My first question after reading about seven teachers in an Atlanta, Ga., public school accused of altering standardized test scores to make it appear students performed better than they actually did was: How could they!?
The seven were nicknamed "the chosen" and, according to Georgia state investigator Richard Hyde, the less than magnificent seven sat in a locked room without windows, erasing wrong answers and inserting correct ones. It's one thing for a child to cheat on a test; it's quite another for teachers to do it.
Compounding the cheating scandal is that the children in this elementary school are mostly poor and African-American. How are they helped to develop a moral sense, not to mention an academic foundation that will lift them out of poverty, if they get the message that cheating is better than achieving?
According to The New York Times, the scandal goes beyond cheating. Retired district superintendent Beverly L. Hall is among 35 Atlanta educators indicted by a Fulton County grand jury. Dr. Hall was charged with "racketeering, theft, influencing witnesses, conspiracy and making false statements." Hall reportedly earned more than $500,000 in performance bonuses. She faces up to 45 years in prison.
Dr. Hall has received considerable recognition for her achievements, which later turned out to be counterfeit. Secretary of Education Arne Duncan invited her to the White House. In 2009, The American Association of School Administrators named her superintendent of the year. It was a case of something being too good to check. Who doesn't want to see poor and minority children succeed in school? It appears these teachers cared more about themselves than the children.
Even the reliably liberal and pro-public school columnist Eugene Robinson is disturbed. Writing in The Washington Post, Robinson says, "It is time to acknowledge that the fashionable theory of school reform -- requiring that pay and job security for teachers, principals and administrators depend on their students' standardized test scores -- is at best a well-intentioned mistake, and at worst nothing but a racket."
Robinson quotes Post education reporter Valerie Strauss, who has written that while there have been "dozens" of allegations of cheating around the country, "only Atlanta's has been aggressively and thoroughly investigated." Strauss wrote, "We don't really know" how widespread the problem might be. Isn't it long past time to find out?
The problem is that a monopoly always protects itself. The teachers' unions and many Democratic politicians, who receive their campaign contributions, oppose school choice, which would improve not only public schools, but also the chances of poor and minority children to have a better life. The current approach appears to be to keep disadvantaged children in underperforming schools so that underperforming teachers keep their jobs and the politicians they support keep theirs. As long as the monopoly survives, we can expect more cheating and corner-cutting and less real achievement for children who ought to be everyone's first concern.
Instead, as Atlanta would suggest, public school children are subject to all manner of manipulation and disservice by people charged with educating them. Perhaps if parents had the freedom to send their children to a school they believed would offer them a better shot at true success they would fare better. Could school choice be the answer?
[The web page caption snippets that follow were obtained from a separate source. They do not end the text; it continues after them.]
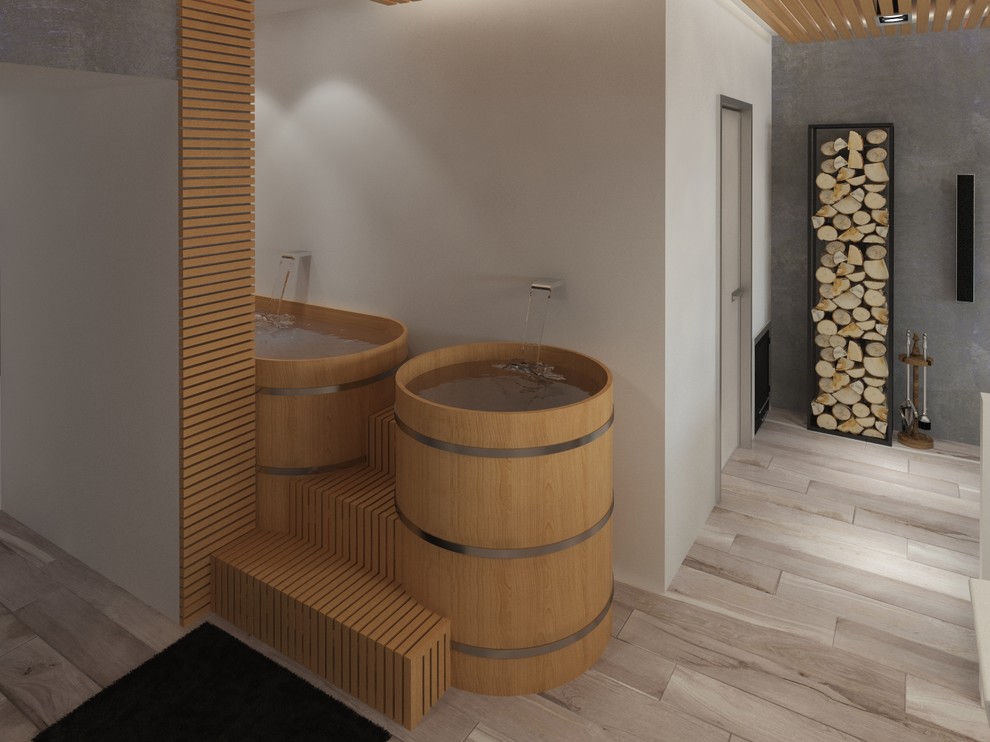 Частный трехэтажный дом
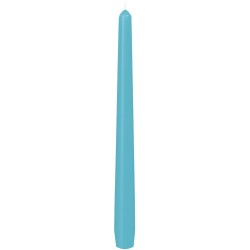 Chandelle, 250 x 22 mm, mint blue , durée 7 heures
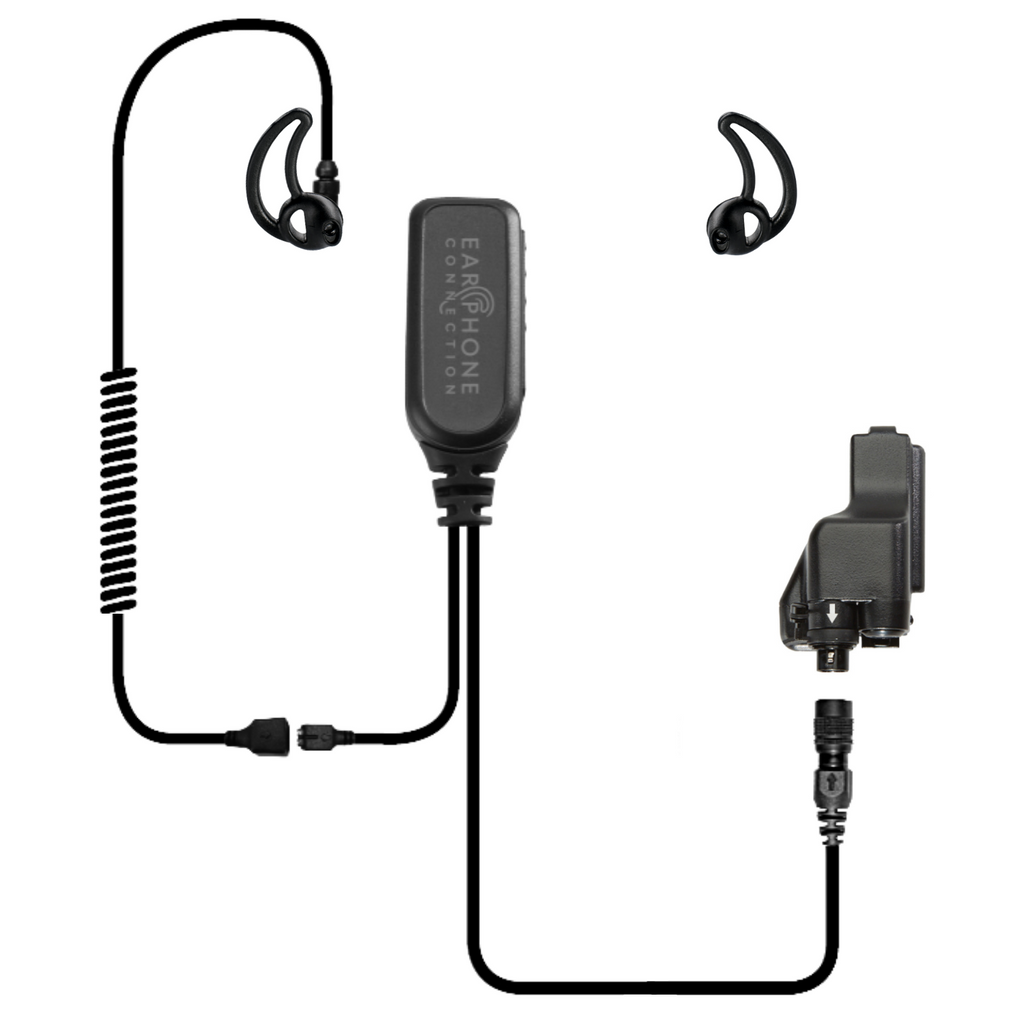 Hawk EP1323EC M1 Micro Sound Police Lapel Mic - Motorola XTS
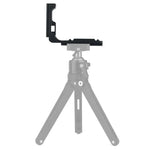 Support de base en L à dégagement rapide pour prise de vue verticale, compatible avec Canon 5D Mark III.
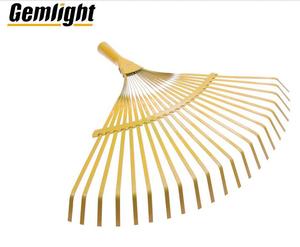 Rastrillo Gemlight de hierba amarilla para jardín, producto eficaz en la categoría de rastrillos - Product Image 3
Indiana thinks so. Last week, the state's Supreme Court upheld a voucher program that gives poor and middle-class families access to tax dollars to help them pay private school tuition. Parents should decide where their children go to school.
It's not the children who cannot achieve. It's the system that fails them. "Our schools desperately need to be fixed," writes Robinson. "But creating a situation in which teachers are more likely than students to cheat cannot be the right path. ... Students are not widgets. I totally reject the idea that students from underprivileged neighborhoods cannot learn. Of course they can."
Authorities should pursue investigations of alleged cheating by teachers and school administrators. Meanwhile, for this and many other reasons, the school choice movement is gaining strength. It is seen by increasing numbers of Americans as the best way to prevent cheating children out of the decent education they deserve.